Scraping Dynamic Websites

How to scrape JavaScript-rendered pages. Browser automation, waiting strategies, and handling SPAs.

TL;DR

Dynamic sites load content with JavaScript. Regular HTTP requests get empty HTML. Use Playwright or Puppeteer to render pages in a real browser. Wait for content before extracting. 10x slower than static scraping.

The Problem

Many modern websites load content with JavaScript. When you fetch the HTML directly, the page looks empty:

# What you get with a simple request
curl https://spa-example.com
# Returns: <div id="root"></div>

The actual content loads after JavaScript runs in the browser. You need browser automation.

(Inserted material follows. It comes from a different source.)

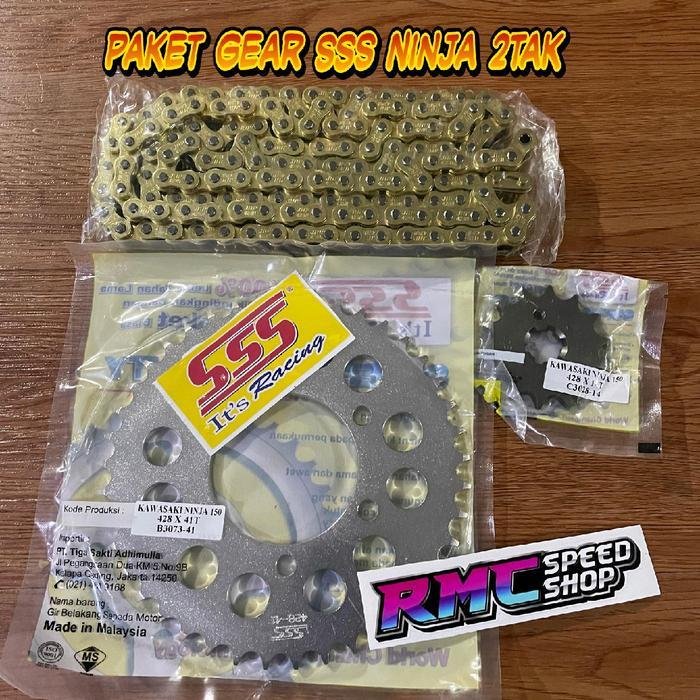 Paket Gear Sss Ninja R Ninja Ss Ninja Rr / Gear Sss Set Ninja 2Tak Tebal 428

How to Detect Dynamic Content

Check if a site needs browser rendering:

  1. View page source (Ctrl+U). Compare to what you see on screen.
  2. If source shows empty divs but page shows content, it is dynamic.
  3. Disable JavaScript in browser. If content disappears, it is dynamic.

Common dynamic sites:

  • React, Vue, Angular single-page apps
  • E-commerce product pages
  • Social media feeds
  • Infinite scroll content
  • Behind-authentication dashboards

Playwright vs Puppeteer

Feature Playwright Puppeteer
Browsers Chrome, Firefox, Safari Chrome only
Languages JS, Python, C#, Java JS only
Auto-wait Built-in Manual
Apify Support Full (recommended) Full

Recommendation: Use Playwright. Better auto-waiting, cross-browser support, and more active development.

Basic Playwright Scraping

import { PlaywrightCrawler } from 'crawlee';

const crawler = new PlaywrightCrawler({
    async requestHandler({ page, request }) {
        // Navigate and wait for network to settle
        await page.goto(request.url, { waitUntil: 'networkidle' });

        // Extract content
        const title = await page.title();
        const products = await page.$$eval('.product', items =>
            items.map(item => ({
                name: item.querySelector('.name').textContent,
                price: item.querySelector('.price').textContent,
            }))
        );

        console.log({ title, products });
    },
});

await crawler.run(['https://shop.example.com']);

Waiting Strategies

Dynamic content needs time to load. Choose the right wait method:

Method Use When Code
Wait for selector Known element appears page.waitForSelector('.product-list')
Network idle All API calls finish page.waitForLoadState('networkidle')
Wait for response Specific API response page.waitForResponse(url => url.includes('/api/'))
Fixed timeout Last resort page.waitForTimeout(3000)

Handling Infinite Scroll

async function scrollToBottom(page) {
    let previousHeight = 0;

    while (true) {
        await page.evaluate(() => window.scrollTo(0, document.body.scrollHeight));
        await page.waitForTimeout(1000);

        const currentHeight = await page.evaluate(() => document.body.scrollHeight);
        if (currentHeight === previousHeight) break;
        previousHeight = currentHeight;
    }
}

Intercepting API Calls

Sometimes the fastest way is to capture the API response directly:

const crawler = new PlaywrightCrawler({
    async requestHandler({ page }) {
        // Intercept API responses
        const apiData = [];

        page.on('response', async (response) => {
            if (response.url().includes('/api/products')) {
                const json = await response.json();
                apiData.push(...json.products);
            }
        });

        await page.goto('https://shop.example.com');
        await page.waitForLoadState('networkidle');

        console.log('Captured products:', apiData.length);
    },
});

Performance Tips

  • Block images: Disable image loading to speed up renders
  • Use headless: Always run headless in production
  • Reuse contexts: Session persistence reduces login overhead
  • Limit concurrency: Browser instances use 300MB+ RAM each
const crawler = new PlaywrightCrawler({
    maxConcurrency: 5,
    launchContext: {
        launchOptions: {
            args: ['--disable-images'],
        },
    },
});

Common Questions

Q: Why is browser scraping so slow?

A: Browsers load images, CSS, JavaScript. Each page takes 2-10 seconds vs 0.1 seconds for HTTP requests. Only use browsers when necessary.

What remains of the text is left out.